◆ ASSIGNMENT
Among the entries below, copy only the span from the line containing "Exterior - 16624" through the line containing "كريستيانو رونالدو أغناهم". Do so exactly, and skip the pictures.

◆ DATA EXTRACT
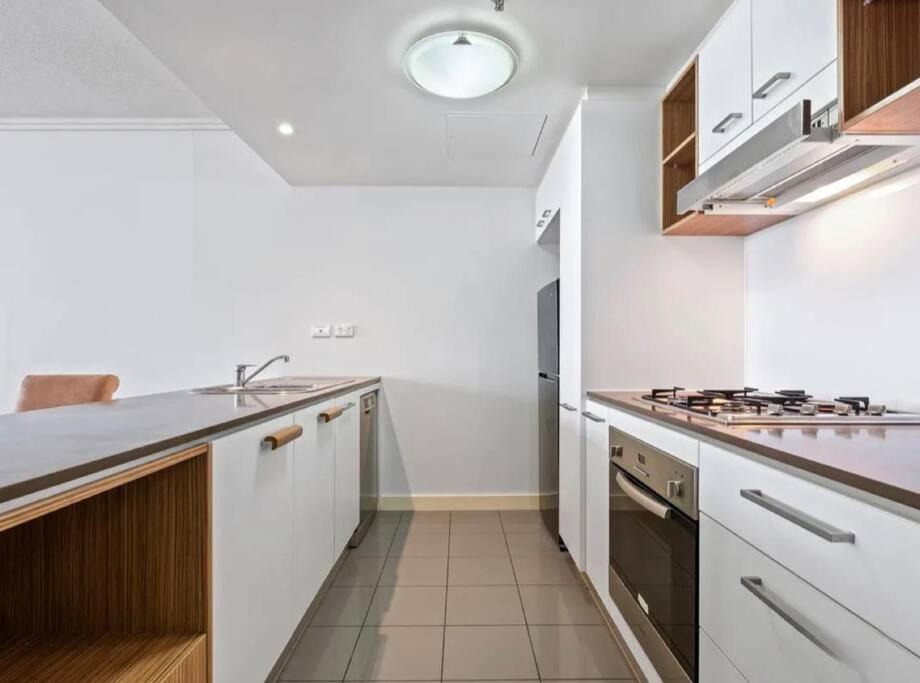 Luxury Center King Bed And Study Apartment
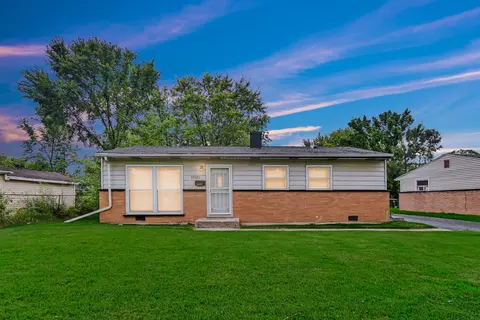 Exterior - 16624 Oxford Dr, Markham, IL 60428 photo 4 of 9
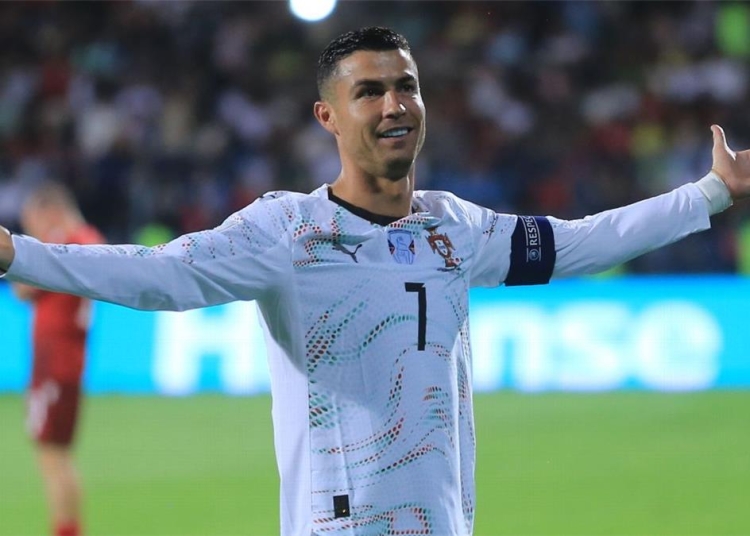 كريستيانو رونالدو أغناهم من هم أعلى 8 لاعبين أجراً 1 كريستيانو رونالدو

==

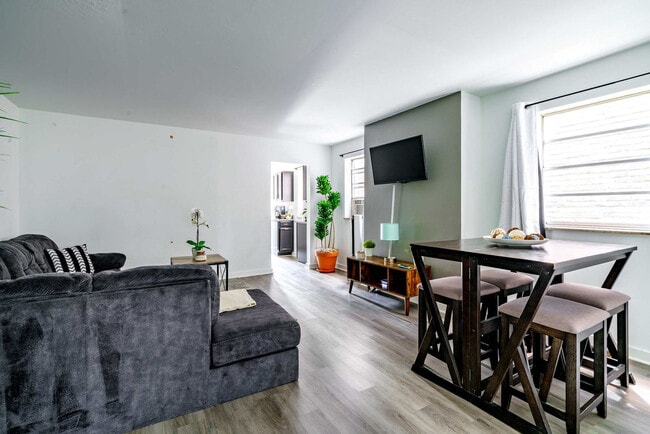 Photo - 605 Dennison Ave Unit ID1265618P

* * *

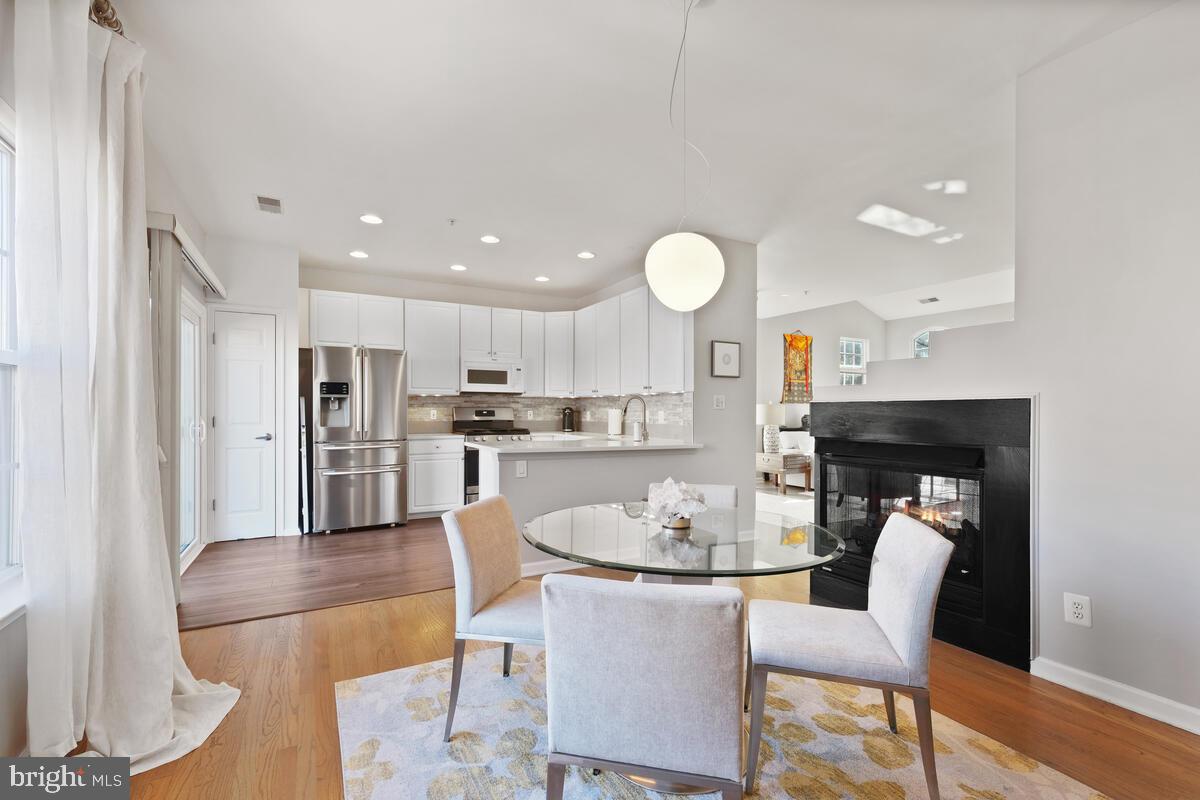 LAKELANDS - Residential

◆ RESPONSE AREA
 Exterior - 16624 Oxford Dr, Markham, IL 60428 photo 4 of 9
 كريستيانو رونالدو أغناهم من هم أعلى 8 لاعبين أجراً 1 كريستيانو رونالدو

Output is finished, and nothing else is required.